# DH holiday suggestions



## richjar (Jan 8, 2006)

hiya
I'm at work bored and thinking of getting away for a bike trip. Looking at 1st week of Sept or maybe last week of Aug, for mostly downhill alps type riding. I fancy a change from Morzine/Les Gets, but I'm worried the lifts are going to start closing then. 
Any ideas/suggestions?

thanks!


----------



## Nsynk (Sep 30, 2008)

les deux alpes and alpe de huez are ace and right next to each other so you get two areas to ride. Here is an example of the trails (from my headcam at the Mondial du VTT)

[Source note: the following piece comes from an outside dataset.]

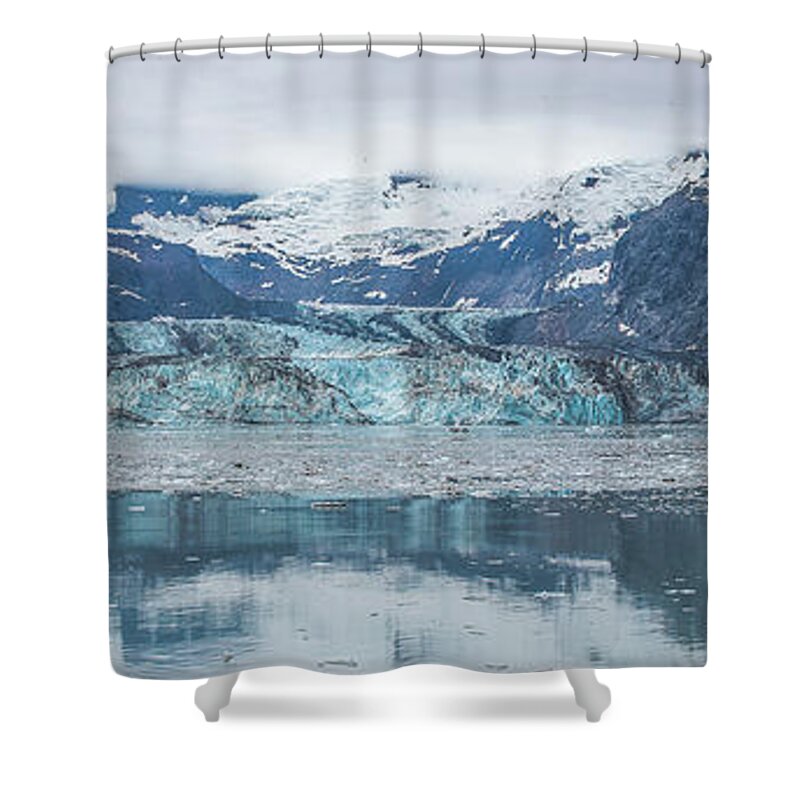 Glacier Shower Curtain featuring the photograph John Hopkins Glacier by David Kirby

http://www.pinkbike.com/video/88037/.

Or you could google "mountain of hell" or "megavalanche" for more videos from the resorts

The lifts close on 1st sept so last week in August is a must.


----------



## richjar (Jan 8, 2006)

thanks for the tip! I'll check it out...


----------



## mcgemski (Nov 6, 2008)

Les Deux Alpes is excelent. Have you also though about the Pyrenees. I have just come back from three weeks riding there and still didnt get all the riding done that I wanted to. The best place to start would be Andorra which has two bike parks (one in Val Nord and the other in Soldeu), then there is Lucheon and Ax Les Thermes in France and La Molina in Spain. If you want full-on free ride and want to fly then try Finale in Italy, which is my favourite place to ride in europe and easy to get to via plane. Also there is riding along the coast in France at Monaco and Nice which you could also check out from finale. Finally, you also have to check out two other Italian possibilities, Livingo and Pila. Pila for more Downhill, Livingo for more freeride/single track. 

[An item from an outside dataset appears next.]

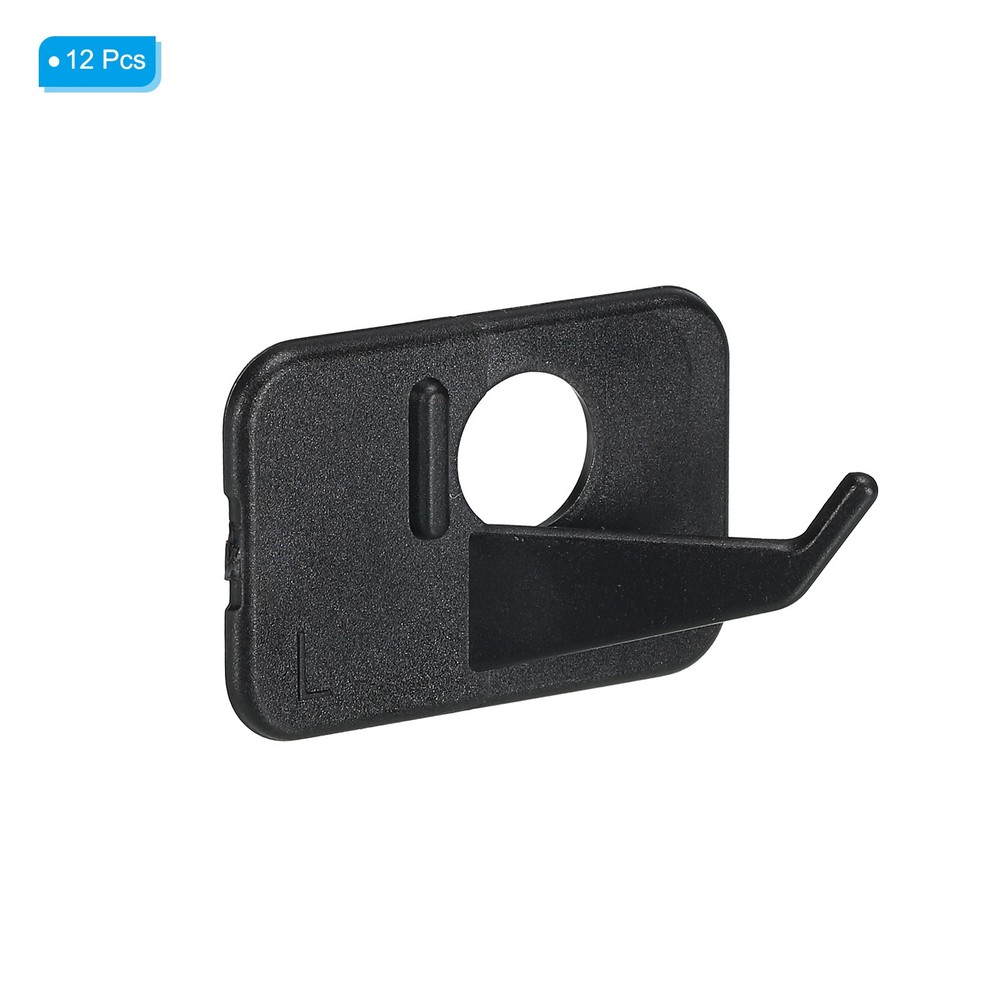 Arrow Rest Plastic Adhesive Archery Arrow Support for Left Hand, 12 Pack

My only real advice would be to not be to strict on riding in france, there is often better, less busy riding to be had elsewhere. This often works out cheap and is why I was a way for 3 weeks this year instead of the normal 2.

Good luck with deciding where to go.


----------



## seosamh (Mar 17, 2007)

if you want trail where you'll never meet a sole, this could be a good shout, i'm heading up to the torridon area in scotland in september, youth hosteling it for a week, the area and trails will be second to none i reckon, and pretty remote so care needs to be taken. but apprently some of the best trail the uk has to offer, proper natural mtbing.

but no lifts, you need to make you own way up these feckers to get the good dh stuff. 

if you want, i'll post a map of the trails i'm going to be trying.. information is a bit sparse on the ground mind you, but it's more adventure mtb than trail centre  (more than few 6/7km dh), for forum posts etc http://www.bikemagic.com/search/torridon.

it's an option anyhow, should state that september is often decent in scotland, weather wise, but it can be brutal also, so bring waterproofs and warm clothes!


----------



## richjar (Jan 8, 2006)

thanks for the tips guys. Ive gone for a week in Verbier, Switz. Bit of a mix of uplift and some pedalling. Some good options for next year though. Cheers


----------